● PROVIDED INFORMATION

+ + +

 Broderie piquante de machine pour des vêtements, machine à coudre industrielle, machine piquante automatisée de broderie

+ + +

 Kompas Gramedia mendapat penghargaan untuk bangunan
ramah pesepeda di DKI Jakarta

+ + +

● HOW TO COMPLETE THIS TASK
Please give back exactly the lines of this listing beginning at the line with "Kompas Gramedia mendapat" and ending with the line with "ramah pesepeda di DKI Jakarta", both included, and nothing else.

● WRITTEN RESPONSE
 Kompas Gramedia mendapat penghargaan untuk bangunan
ramah pesepeda di DKI Jakarta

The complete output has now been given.